At the start of class, we had students frantically downloading Docker and trying to pull images from Docker Hub. The seemingly 256kB/s download speeds made this infeasible. Thankfully, Ryan had a USB drive and loaded his pre-built Docker containers onto it. Many of the students were able to use these images for the course. Though, for some reason, a few of the students were reluctant to use an unknown USB device.
For next time, I think we’ll run our own Intranet to host the materials, so we’re not relying on the conference’s infrastructure. That or we’ll get many more USB drives. I guess they’re pretty cheap these days. Additionally, we need to trim down our 1GB+ containers. 🐳 Additionally, I’d like to put a link to a Discord channel in the installation setup instructions. That’ll facilitate communication before the course begins.
Too Much Content
We had way more content than I thought. By the time we were done, Ryan and I had made seven hands-on exercises and over one-hundred slides for a four-hour course. After we completed the development of the first four or five exercises, I felt we still needed more exercises to have a class worthy of the students’ time. We stayed up late the night before the workshop prepping the slides and exercises six and seven. We didn’t really need that much.

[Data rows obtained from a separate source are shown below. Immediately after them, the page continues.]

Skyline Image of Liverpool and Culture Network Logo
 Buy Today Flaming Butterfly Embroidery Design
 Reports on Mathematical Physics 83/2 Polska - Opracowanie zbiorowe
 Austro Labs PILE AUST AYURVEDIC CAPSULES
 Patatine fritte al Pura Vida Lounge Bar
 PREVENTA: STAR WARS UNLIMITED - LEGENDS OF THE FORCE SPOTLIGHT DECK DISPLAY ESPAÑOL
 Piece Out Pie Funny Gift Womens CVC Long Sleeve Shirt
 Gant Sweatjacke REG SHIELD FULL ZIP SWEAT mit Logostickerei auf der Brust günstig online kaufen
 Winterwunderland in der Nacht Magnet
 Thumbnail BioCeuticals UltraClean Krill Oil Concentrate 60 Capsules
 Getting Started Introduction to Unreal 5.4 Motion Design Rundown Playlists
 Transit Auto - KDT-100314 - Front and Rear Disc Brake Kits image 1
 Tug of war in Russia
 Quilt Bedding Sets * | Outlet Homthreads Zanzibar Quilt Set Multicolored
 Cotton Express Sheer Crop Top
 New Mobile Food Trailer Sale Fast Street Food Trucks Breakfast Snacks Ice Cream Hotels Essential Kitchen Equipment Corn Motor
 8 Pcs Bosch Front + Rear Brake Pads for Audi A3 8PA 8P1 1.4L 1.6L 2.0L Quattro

We started the workshop off with an introduction to a simulated C bug (a process getting killed with a signal via
abort) just to re-familiarize students with classes of C errors. Exercise two was fuzzing that same program. Between those two exercises and the theory of fuzzing, we probably spent around 75 minutes. Exercise three focused on fuzzing a real-world open-source target and creating a dictionary. That, with the additional slides, probably took another 75 minutes. After the third exercise, we had just about an hour of time before the closing remarks of the conference.
So we decided to cut exercise four, which talked about sanitizers and skipped to harnessing
openssl/. I felt like we rushed through that exercise to quickly touch on AFL’s fork server with exercises six and seven, though we didn’t actually have students do those. Though most of the students were about to trigger the bug responsible for CVE-2022-3786, we didn’t do harnessing proper justice.
All in all, we started the workshop back in January, about four months before the conference. We probably put in a combined forty or fifty hours into the material.d
We Didn’t Attend the First Day
This is related to having too much content but still not feeling it was enough. Because we were worried we had too little, we spent the first day of the conference solely working on our material. We didn’t go around and connect with attendees or sit in on any talks. Given how cool the people we met on Sunday were, I really regret not walking around. That’s an easy fix for next year. There was also a Friday night dinner for speakers and workshop leaders, which I did not attend. I get stressed pretty easily when I don’t get any downtime after work, and I felt this might cut into it. However, it would have been great to network and talk with other presenters about their materials and their backgrounds.
With the conference behind us and some great feedback, we can’t wait to put some weekend hours in to improve and bring an even better workshop to the next conference. We definitely want to thank the BSides Charm speaker committee for allowing us to come out, and we hope we get the opportunity in the future! All of our work, including slides and exercises, is open source on GitHub.